The Electoral Reform Society has done an analysis of the votes, and produced some numbers for how the result might have looked had the election been fought on the basis of the Additional Member system which has been used to date for Senedd elections (although it’s now being scrapped for a closed list system). Whilst it would have made no difference to Plaid on 4, and little difference to the Lib Dems who would have had 77 rather than 71, the impact on Labour, Conservative, Reform and the Green Party would have been huge, giving them 236, 157, 94, and 42 seats respectively. Starmer would today probably be negotiating with the Lib Dems and possibly the Greens as well, before forming a government. Caution is needed here, of course, not least because a different voting system might lead to people making different choices; assuming they’d simply vote for the same party is not an entirely valid starting point. If the Tories and Reform agreed to some sort of coalition, that would take them past Labour’s total, but then they run out of potential allies. Labour would have had far more viable paths to a working majority. I don’t really want to see 94 Reform MPs in the House of Commons, but I want to keep them out because people vote against them, not because of a rigged electoral system.

The ERS are promising to produce an analysis of the probable result based on use of STV, the proportional representation system favoured by many of us.

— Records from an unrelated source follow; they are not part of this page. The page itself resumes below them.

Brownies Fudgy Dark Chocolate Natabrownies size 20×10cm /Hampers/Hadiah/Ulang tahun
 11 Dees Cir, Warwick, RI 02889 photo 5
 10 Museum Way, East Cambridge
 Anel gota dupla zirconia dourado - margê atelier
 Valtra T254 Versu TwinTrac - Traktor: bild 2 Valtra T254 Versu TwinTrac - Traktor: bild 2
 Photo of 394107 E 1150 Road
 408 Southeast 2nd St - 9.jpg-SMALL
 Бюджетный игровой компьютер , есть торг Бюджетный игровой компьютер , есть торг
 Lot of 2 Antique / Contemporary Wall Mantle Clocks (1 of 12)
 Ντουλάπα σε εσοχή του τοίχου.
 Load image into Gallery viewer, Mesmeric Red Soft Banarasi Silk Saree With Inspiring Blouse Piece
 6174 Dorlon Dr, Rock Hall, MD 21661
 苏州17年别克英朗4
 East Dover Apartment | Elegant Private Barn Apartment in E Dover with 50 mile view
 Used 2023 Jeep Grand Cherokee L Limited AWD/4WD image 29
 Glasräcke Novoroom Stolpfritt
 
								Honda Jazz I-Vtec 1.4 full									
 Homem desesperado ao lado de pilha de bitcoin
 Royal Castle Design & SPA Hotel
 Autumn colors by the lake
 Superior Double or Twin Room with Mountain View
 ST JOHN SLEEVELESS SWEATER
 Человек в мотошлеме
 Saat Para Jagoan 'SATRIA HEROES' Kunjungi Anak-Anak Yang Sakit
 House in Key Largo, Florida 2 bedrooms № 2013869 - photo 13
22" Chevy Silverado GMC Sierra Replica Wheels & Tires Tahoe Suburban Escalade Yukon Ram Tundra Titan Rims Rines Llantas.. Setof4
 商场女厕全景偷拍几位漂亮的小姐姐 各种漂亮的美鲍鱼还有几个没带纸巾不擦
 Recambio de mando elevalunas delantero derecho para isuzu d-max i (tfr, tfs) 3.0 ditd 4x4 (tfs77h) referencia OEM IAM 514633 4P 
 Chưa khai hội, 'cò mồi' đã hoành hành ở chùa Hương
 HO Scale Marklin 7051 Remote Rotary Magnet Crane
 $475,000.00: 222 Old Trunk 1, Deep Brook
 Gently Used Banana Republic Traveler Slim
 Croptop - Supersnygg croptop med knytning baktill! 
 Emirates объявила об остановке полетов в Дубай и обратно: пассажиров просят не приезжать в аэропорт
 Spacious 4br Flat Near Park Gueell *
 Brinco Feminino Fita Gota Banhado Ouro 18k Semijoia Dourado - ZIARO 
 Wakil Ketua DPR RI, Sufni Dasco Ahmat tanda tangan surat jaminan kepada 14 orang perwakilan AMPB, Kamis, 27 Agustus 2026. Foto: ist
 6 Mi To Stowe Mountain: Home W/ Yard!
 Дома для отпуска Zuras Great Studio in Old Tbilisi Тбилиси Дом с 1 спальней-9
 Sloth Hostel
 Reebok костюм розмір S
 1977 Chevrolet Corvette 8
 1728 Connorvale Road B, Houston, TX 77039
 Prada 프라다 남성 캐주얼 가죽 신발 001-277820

It will be interesting to see the outcome of that work, although working out where people might have placed their second and third preference votes is even more fraught with assumptions than the analysis which they’ve done to date. I suspect that the overall picture will not be hugely different – at headline level, Labour would still be without a majority, the Tories would still be a larger group than they are today, and there would still be substantial numbers of Reform and Green MPs. And Starmer would still be trying to negotiate some sort of coalition.

The obstacle to electoral reform remains that both Labour and the Tories have demonstrated that the current system can give them absolute majorities on a minority of the vote. As long as enough Tories believe that swinging towards Farage’s position will make Reform go away, they are unlikely to change their stance. And while Labour, as a party, has adopted proportional representation as policy, the apparent scale of this week’s victory makes it unlikely that they’ll invest much effort in pursuing it. It wasn’t in their manifesto, and Starmer himself seems at best lukewarm on the idea. It would be a mistake, though, and one which could all-too-easily allow the return of the Tories in five years time. Those arguing that the scale of the victory means Labour will be in power for at least a decade need to remember that what was done in a single election cycle can equally be undone in another, and a mere 34% of the vote isn’t a very good starting point for any government. It’s in Labour’s own interests  and any sense of democracy and fairness demands – that the system is changed whilst they have the power and the numbers to do it. I’m not optimistic that they will, though.